L'art de la Taille Japonaise ou Niwaki
Les fondements de cet art proviennent essentiellement du culte
Shinto ou "Voie des Dieux", la plus ancienne religion du Japon, un mode de vie à part entière, qui repose sur de vastes concepts d'harmonies entre l'homme
et la nature. Les japonais vénèrent donc les kami, esprits des ancêtres et forces de la Nature - Mère. Les montagnes, arbres, eaux, vents, pierres,
tonnerre... - pour ne citer que les plus importants - y sont considérés comme manifestations divines. Cet art s'est enrichi au fil des siècles, par le biais de
diverses influences et philosophies relatives à l'histoire du pays.
Si l'art de dresser les pierres, tailler les arbres "en nuages" ou ratisser des mers de gravier
paraît souvent lié au zen, la lecture approfondie du Sakutei-ki - Notes secrètes sur la fabrication des jardins - permet de
découvrir que c'est l'inverse, en fait, qui s'est produit. C'est par la création
de jardins en suivant les préceptes anciens, que les moines bouddhistes zen ont trouvé un de leurs moyens de parvenir à l'éveil, par l'expression
de Soi.
La taille japonaise s'adresse à toutes les variétés d'arbres (sauf les plus élancés type cyprès
chandelle ou peuplier) et d'arbustes,
qu'elles soient à feuillage caduc ou persistant, et à tous les sujets, du plus petit élevé en pot à celui élevé en pleine terre.

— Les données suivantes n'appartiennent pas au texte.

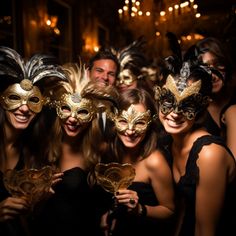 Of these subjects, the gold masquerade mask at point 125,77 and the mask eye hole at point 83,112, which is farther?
the gold masquerade mask at point 125,77

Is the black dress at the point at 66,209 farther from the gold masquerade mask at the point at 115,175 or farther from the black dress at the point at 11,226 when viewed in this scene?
the gold masquerade mask at the point at 115,175

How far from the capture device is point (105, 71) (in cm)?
364

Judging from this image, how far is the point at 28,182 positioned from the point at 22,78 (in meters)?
0.76

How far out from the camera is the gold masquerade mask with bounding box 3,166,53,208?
1.77 meters

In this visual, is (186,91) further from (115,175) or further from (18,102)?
(18,102)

A l'origine, elle évoque l'empreinte laissée sur la végétation par les éléments naturels
(vent, neige ou gel) et les animaux (bétail, insectes...).
Parmi les différents types de taille japonaise (compacte karikomi, sous forme de gros buissons
kokarikomi ou de petits buissons okarikomi, linéaire "en
plateaux"...) la taille "en nuages" est destinée à donner une végétation
tabulaire - diverses mises en forme en dômes multiples - ayant pour but de reproduire des sites paysagers lointains. Elle permet de représenter
collines et vallons de campagne, d'évoquer des nuages restés accrochés à la profondeur d'une forêt ou un arbre isolé à l'aplomb d'une falaise, ceci dans le
jardin japonais où tous les éléments servent à reproduire l'ensemble d'un paysage naturel dans un petit espace, afin d'en sublimer la beauté.
La technique de la taille "en nuages"
Cette pratique nécessite beaucoup de patience et plusieurs
années de travail pour commencer à obtenir des nuages étoffés. L'arbre peut être incliné, suivant différentes positions penchées
pour éventuellement lui donner une impression d'ancienneté. Pour les sujets ayant un port dressé, une branche latérale sur deux est supprimée,
donnant ainsi à la ramure un aspect contrasté fait de touffes denses et d'espaces aérés, forme que les conifères présentent à l'état naturel en Asie.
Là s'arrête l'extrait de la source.